● WHAT IS EXPECTED:
Repeat the data word for word. Do not include the pictures.

● MATERIAL PROVIDED:
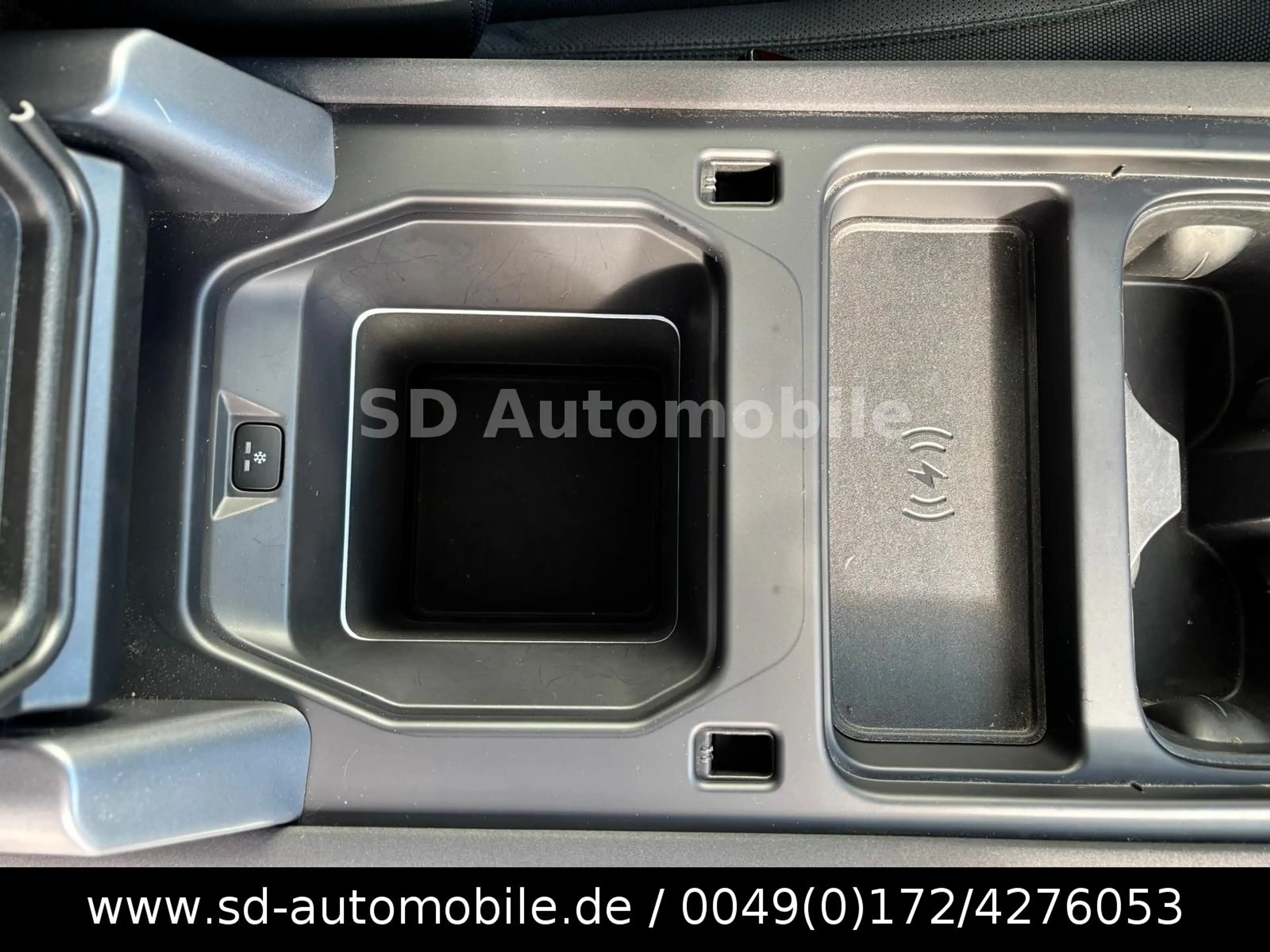 Land Rover Defender 90 X-Dynamic D250 3,0d SE BLACK-DESIGN — photo 15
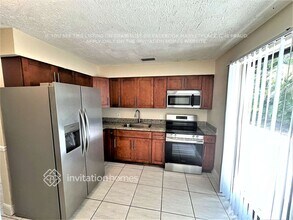 4888 Prince Dr in Lake Worth Beach, FL - Building Photo - Building Photo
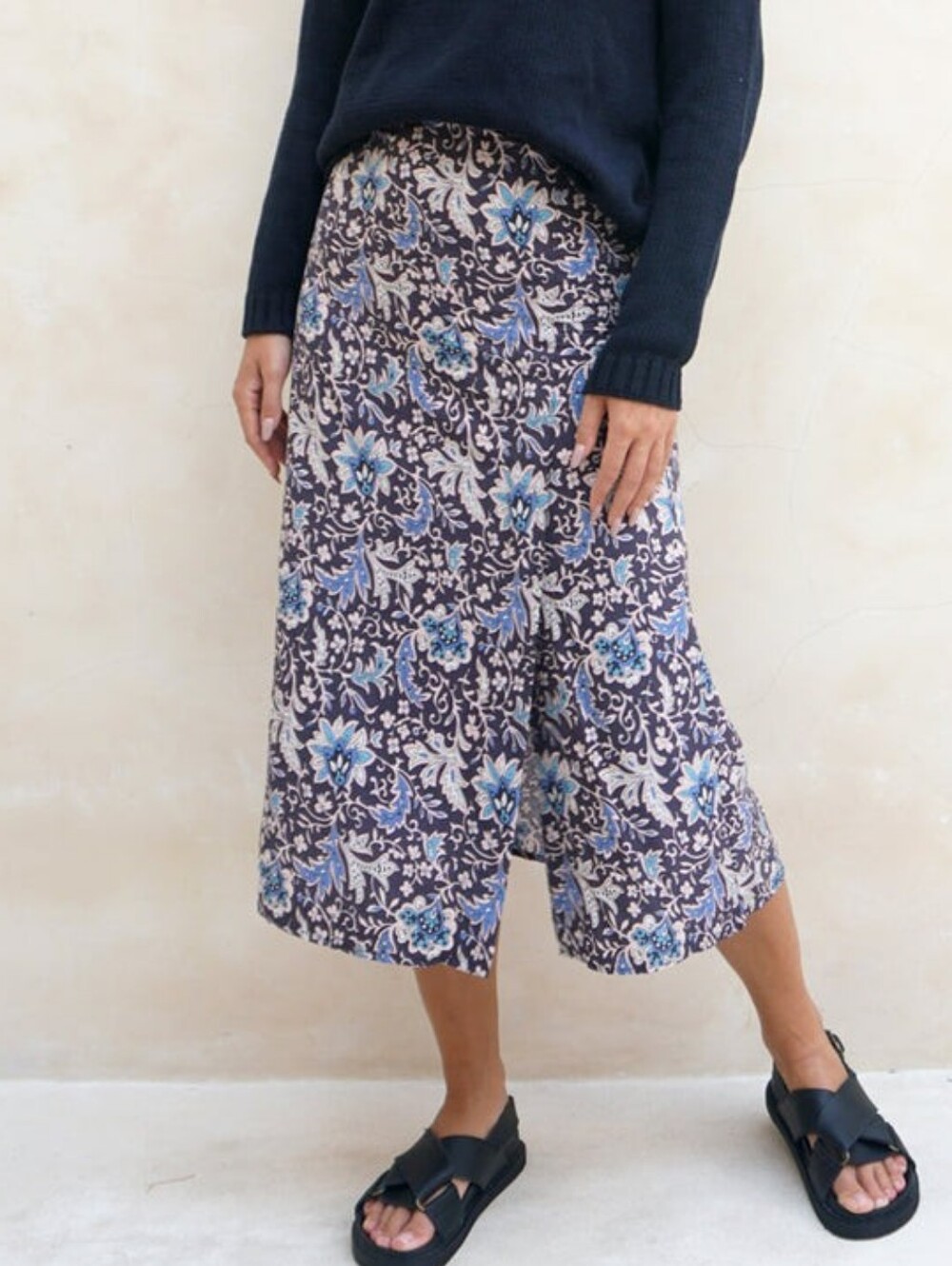 Paneros Avery Front Slit Midi Skirt in Navy Floral Size XL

● RESPONSE BOX:
 Land Rover Defender 90 X-Dynamic D250 3,0d SE BLACK-DESIGN — photo 15
 4888 Prince Dr in Lake Worth Beach, FL - Building Photo - Building Photo
 Paneros Avery Front Slit Midi Skirt in Navy Floral Size XL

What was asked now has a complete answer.